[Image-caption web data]
☆ ☆ ☆
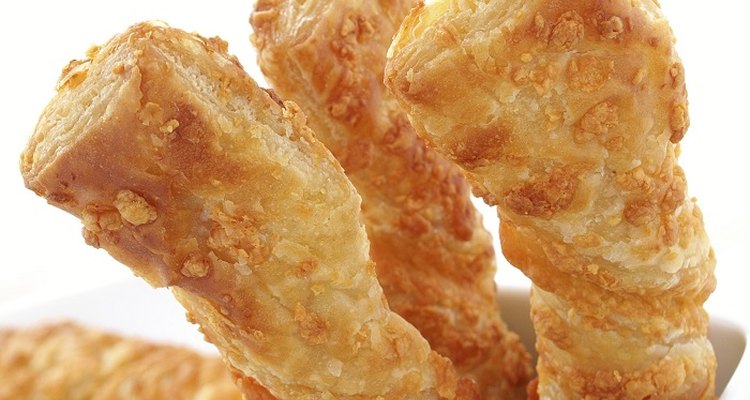 Avoid the disappointment of a soggy cheese straw in your nibbles selection.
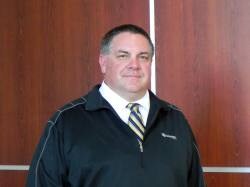 Staff member Eric Wendt from 76701b404b80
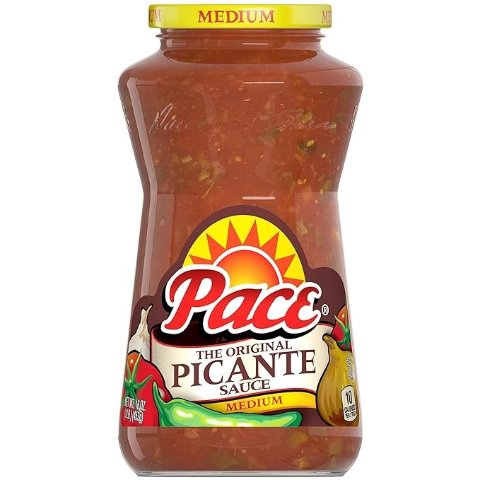 Pace Picante 墨西哥辣醬16oz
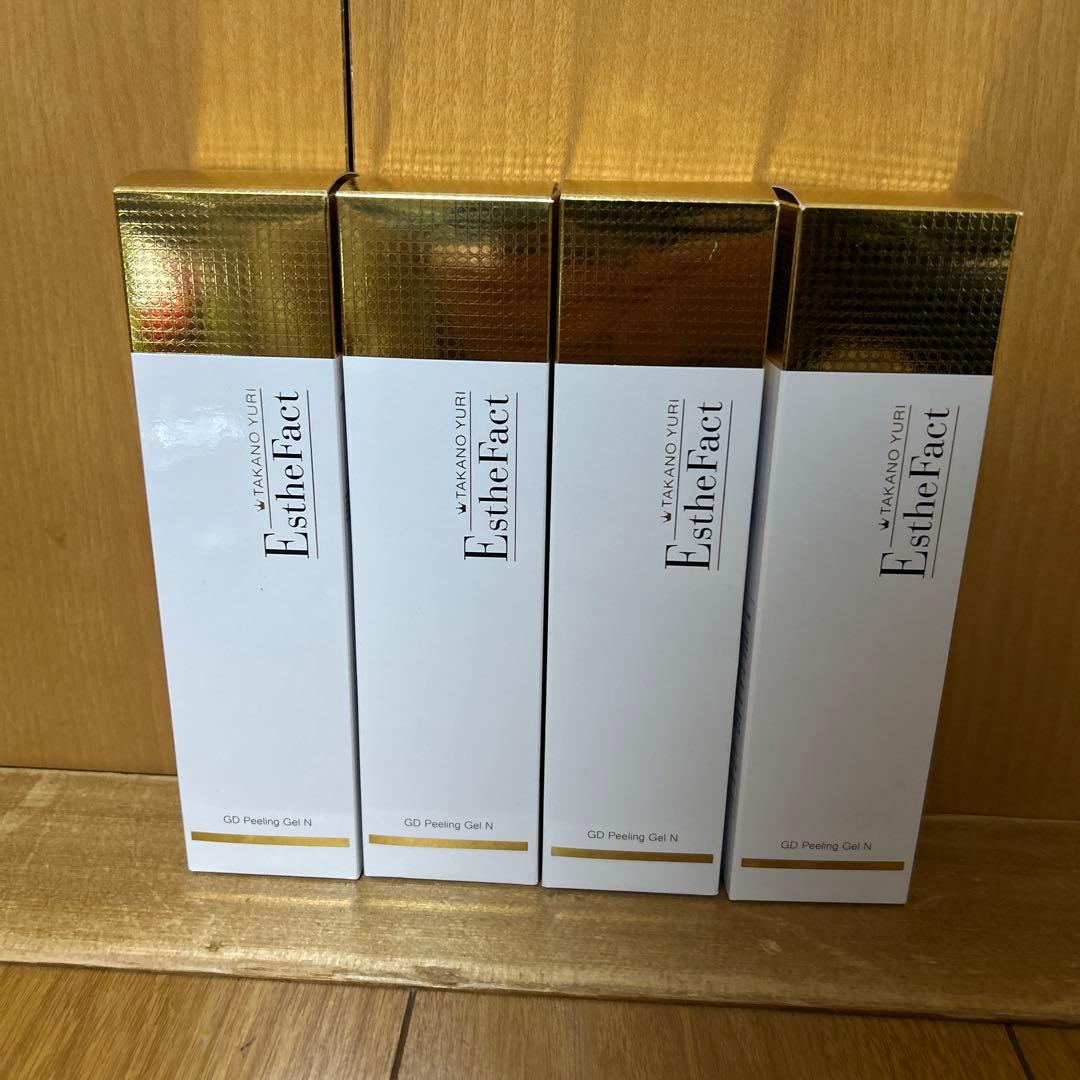 エステファクトGDピーリングジェルN高濃度SCサイエンスAAA〈マッサージ洗顔料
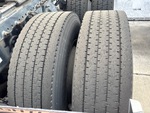 Underbody with Left Front Drive Tires
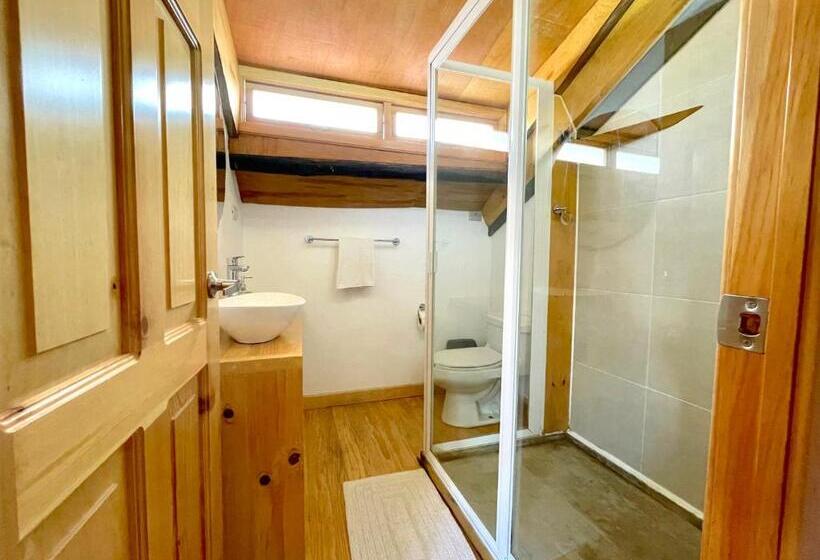 Номер Superior Кровать Кинг, Casa Azabache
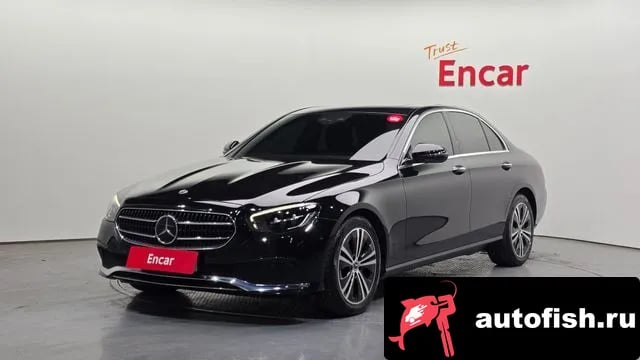 Mercedes-Benz E-Class E-Class W213 2021 года - вид 1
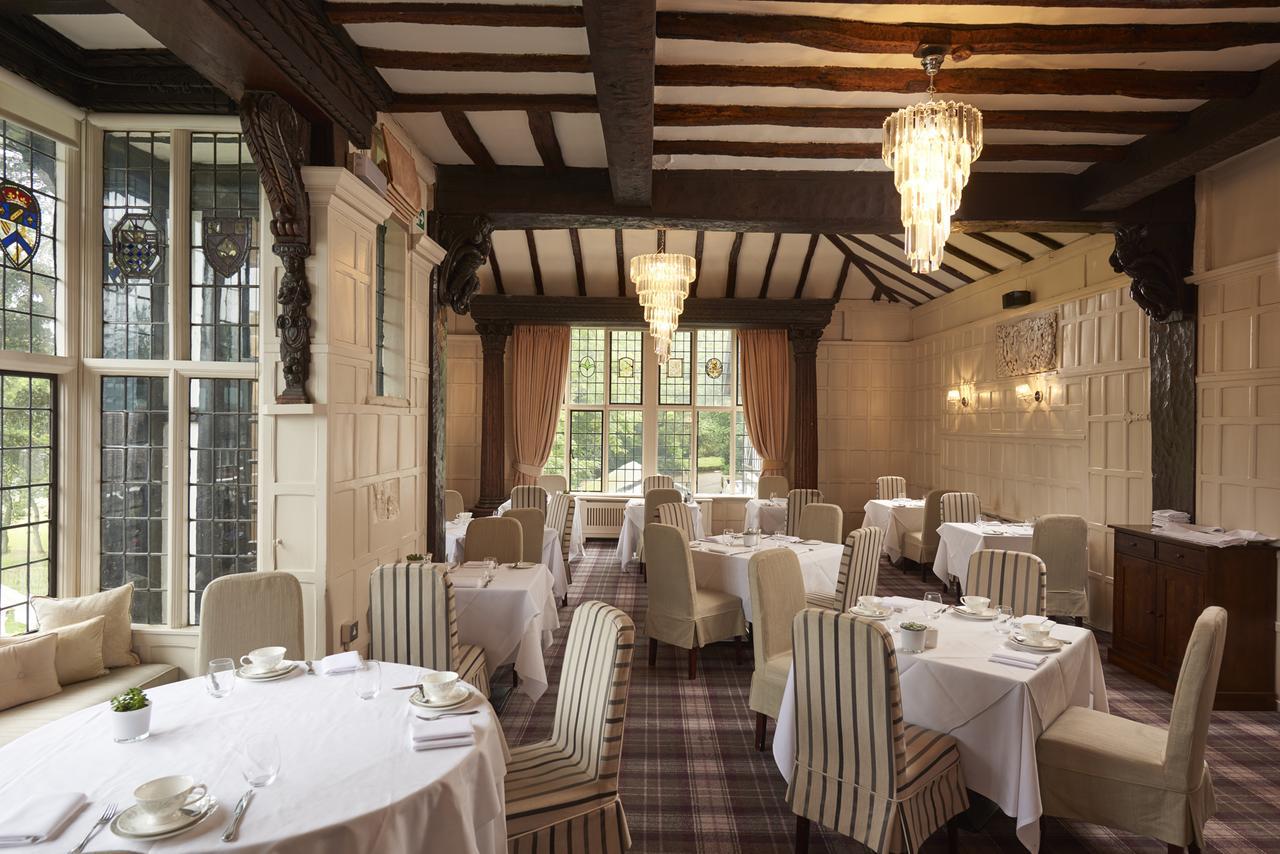 The Manor Elstree Ξενοδοχείο Εξωτερικό φωτογραφία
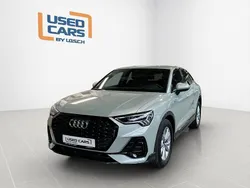 Grau Gebraucht 2024 Audi Q3 S-line plus SUV | 43.990 € (Etwas zu teuer)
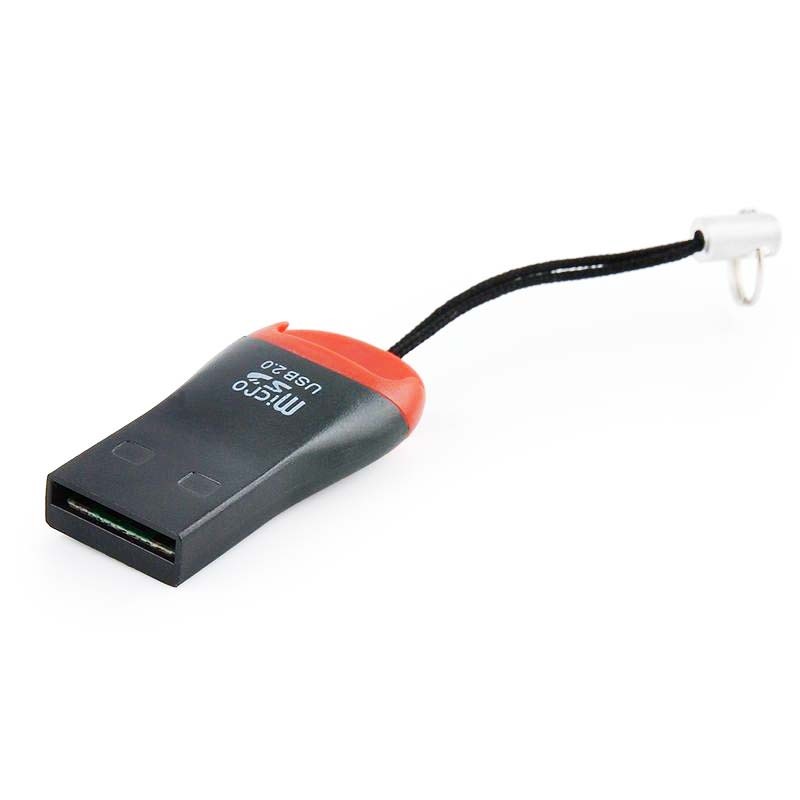 Micro SD čtečka paměťových karet - USB 2.0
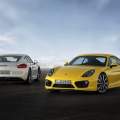 Nuevo Porsche Cayman 2013, presentado en el Salón de Los Ángeles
☆ ☆ ☆
▸ Problem statement
Every entry above is to be set down exactly; the pictures are to be left out.

▸ Solution for this problem
 Avoid the disappointment of a soggy cheese straw in your nibbles selection.
 Staff member Eric Wendt from 76701b404b80
 Pace Picante 墨西哥辣醬16oz
 エステファクトGDピーリングジェルN高濃度SCサイエンスAAA〈マッサージ洗顔料
 Underbody with Left Front Drive Tires
 Номер Superior Кровать Кинг, Casa Azabache
 Mercedes-Benz E-Class E-Class W213 2021 года - вид 1
 The Manor Elstree Ξενοδοχείο Εξωτερικό φωτογραφία
 Grau Gebraucht 2024 Audi Q3 S-line plus SUV | 43.990 € (Etwas zu teuer)
 Micro SD čtečka paměťových karet - USB 2.0
 Nuevo Porsche Cayman 2013, presentado en el Salón de Los Ángeles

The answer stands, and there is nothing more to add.